01/23/2012 11:19 am ET Updated Mar 24, 2012

The Movement to Save School Library Programs

A movement is afoot to save school library programs threatened by closure. Money is tight and state and locally supported school funding is dropping. School districts are looking for places to reduce costs and many believe school libraries and librarians are expendable.

As a former teacher-librarian I can tell you the idea to dispose of school libraries and librarians isn't new. In the 1990s, when I was a high school librarian, some of us were assigned to cover both middle and high schools. Money for books and resources were cut back. Today that district has no librarians, only aides, in its high schools or middle schools.

Last year I volunteered in an elementary school library in this same district. It was a contract negotiation year and in the end elementary librarians were given only a two-year contract and are no longer working with 5th grade classrooms.

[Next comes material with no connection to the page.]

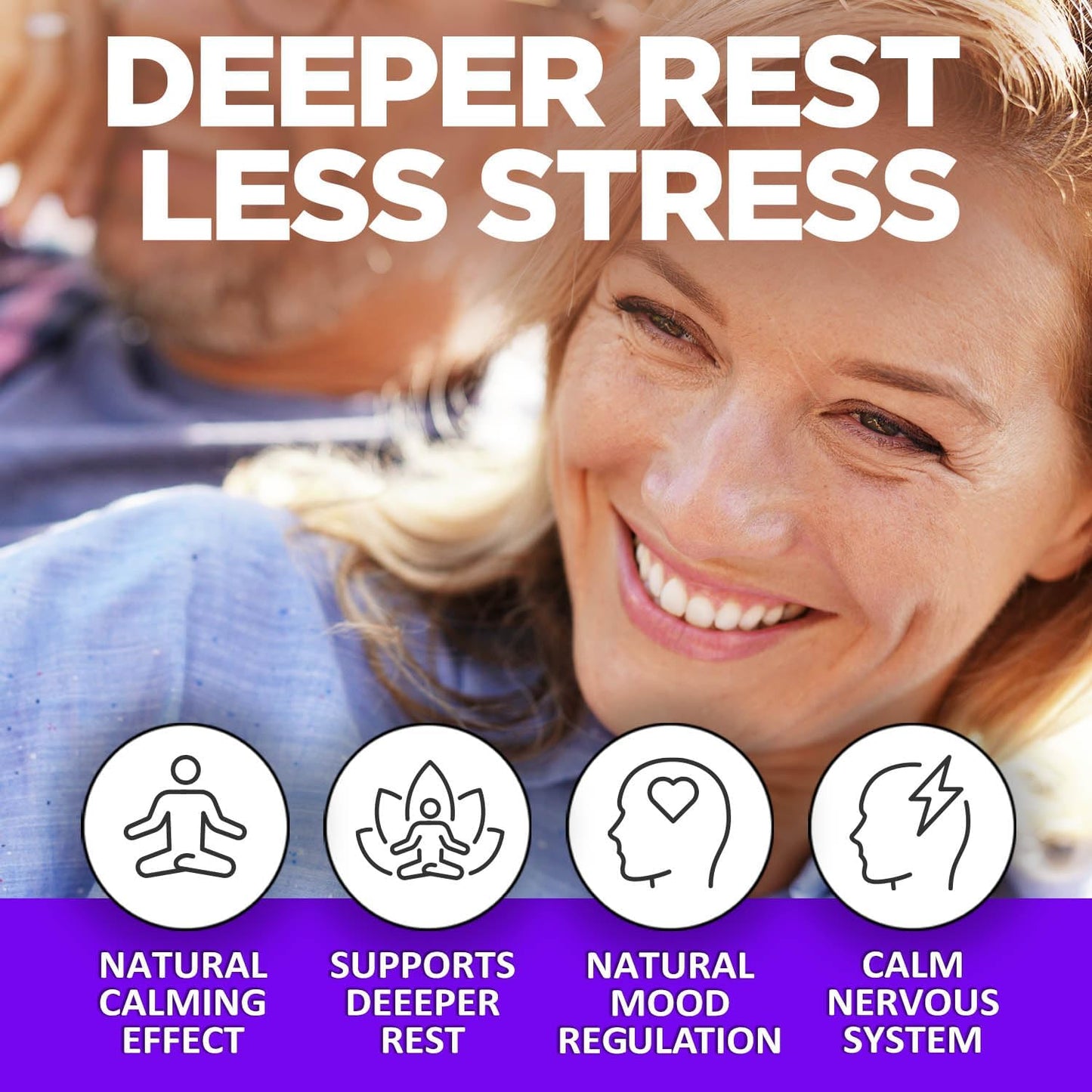 GABA 700 mg – High-Potency Formula (120 Capsules)  Made in Canada • Vegan • Non-GMO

I'm not sure administrators, other teachers, or parents understand what a teacher-librarian does. They know he/she doesn't work in a traditional classroom and doesn't grade papers. They think anyone can check out books or read a story, but there is so much more to it than that. To start with libraries are no longer just about books, they are information centers.

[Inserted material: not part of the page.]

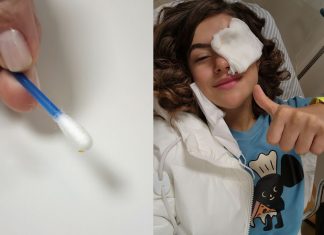 Maisa relata ida a oftalmo após ‘corpo estranho entrar no olho’: ‘Médica acha que era pedaço de vidro’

Teacher-librarians have two degrees because they need to know how to manage a library and how to teach children. These skills are necessary and substituting an aide with no knowledge in either field is a downgrade in quality education. Teacher-librarians do many things, but here are three of the most important.

  • They teach students information skills using a variety of resources, including online. Everyone assumes kids can just jump on the internet, find a site, and be done. The real issue is locating quality information. They need to learn skills that will help them assess if information is accurate.
  • Teacher-librarians do a lot of reader's advisory, meaning they help connect students with great books they will love. To do this they are constantly reading children's books and reading magazines that critique new children's books.
  • Teacher-librarians collaborate with classroom teachers to help students find resources and teach lessons that enrich and expand on what is happening in the classroom.

Mike Eisenberg is the Dean of the Information School at the University of Washington. In 2007 he gave a speech on the importance of teacher-librarians after cuts were made in school programs. Parents started a petition to save school libraries and their librarians and some gains were made. But the issue persists and we need everyone to make a strong statement on this issue.

So, if you think school libraries and the teacher-librarian-information specialists who serve in them are important, help send that message. Go to this site and sign the petition to the Obama Administration to ensure that every child in America has access to an effective school library education. Then let your school district and state legislature know you value this resource.

I did because teacher-librarians fill a unique position. Ask any child.